UAE Chess Federation اتحاد الامارات للشطرنج
- Sport: Chess
- Jurisdiction: UAE
- Abbreviation: UAECF
- Founded: 1976
- Affiliation: FIDE Asian Chess Federation Arab Chess Federation
- Headquarters: Dubai
- President: Ph. D. Sarhan Hassan Almuaini
- Vice president(s): Abdulaziz Abdulla Khouri
- Secretary: Hussain Khalfan Alshamsi
- United Arab Emirates

= UAE Chess Federation =

Chess federation in the United Arab Emirates

United Arab Emirates Chess Federation (UAECF) was established in October 1976 to spread and develop the game of chess as a mental and cultural sport across the United Arab Emirates. It organizes national tournaments such as the Emirati Chess Championship.

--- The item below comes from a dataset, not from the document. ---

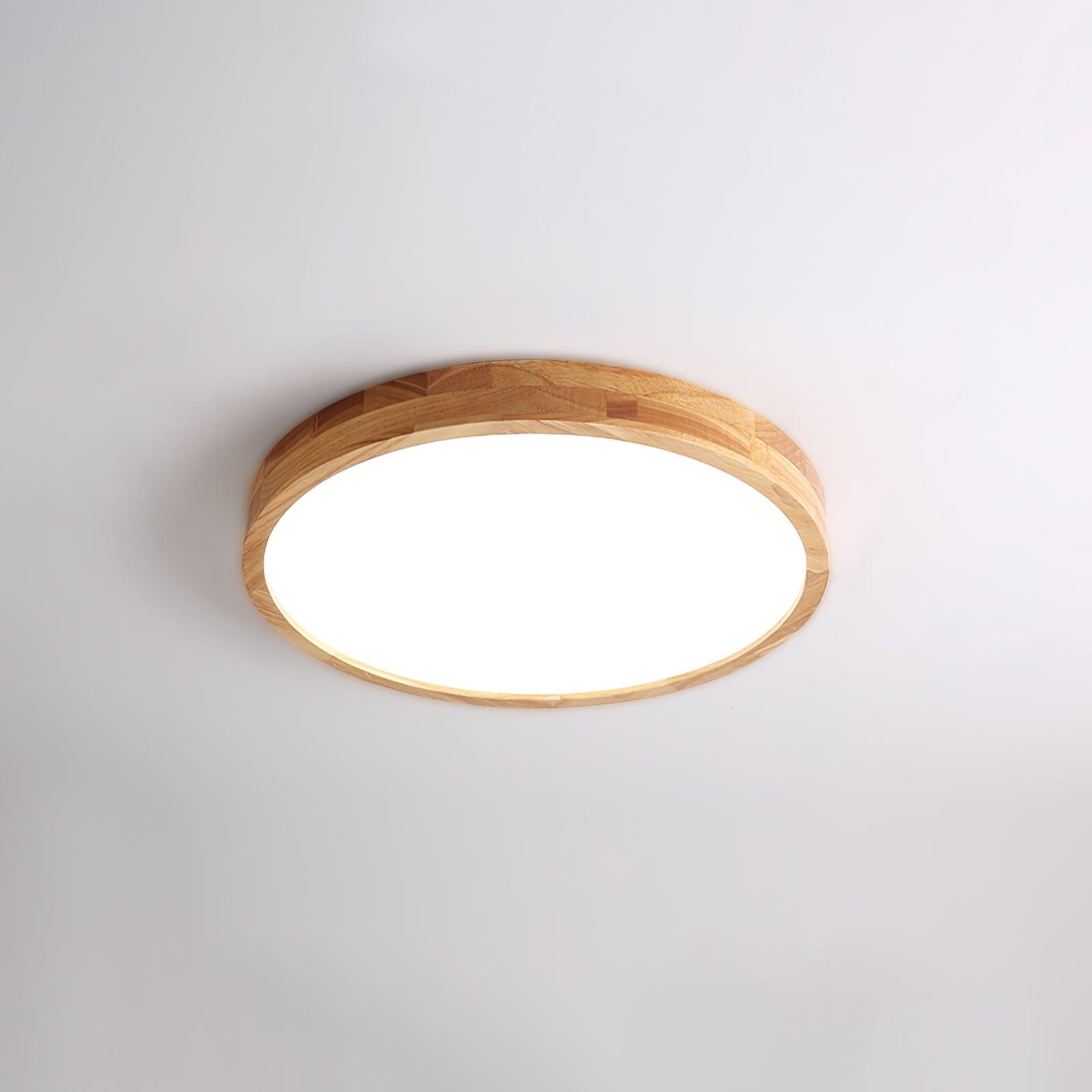 Modern Nordic Round Wooden LED Flush Mount Ceiling 1-Light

The UAECF took part in the Against Chess Olympiad held in Libya in 1976. In 1977, it became a member of FIDE. Later on, chess started to spread across all Emirates and chess clubs were set up in Dubai, Sharjah, Abu Dhabi, Ajman, Fujairah and Al-Ain.
Chess & Culture Club for Sharjah Women was opened in 1991 and another club for women was affiliated with Dubai Chess and Culture Club in 2000.
now there are 16 club officially registered in UAE chess federation.
All these clubs play a key role in the discovery and training the young talents, and later on UAECF choose the best players for the national teams, where they come for training under supervision of head coach of UAECF.

==Major achievements==
Emirati native Saeed Ahmed Saeed won the 1979 Under-14 World Chess Championship held in Mexico and this was the first achievement for UAE in chess at the international level. He repeated the feat in 1981 and was referred to in Arab media as "The Arab computer."
Rouda Essa Alserkal recently had the world title as (( world chess championship Under 8 girls, 2017 in Brazil)).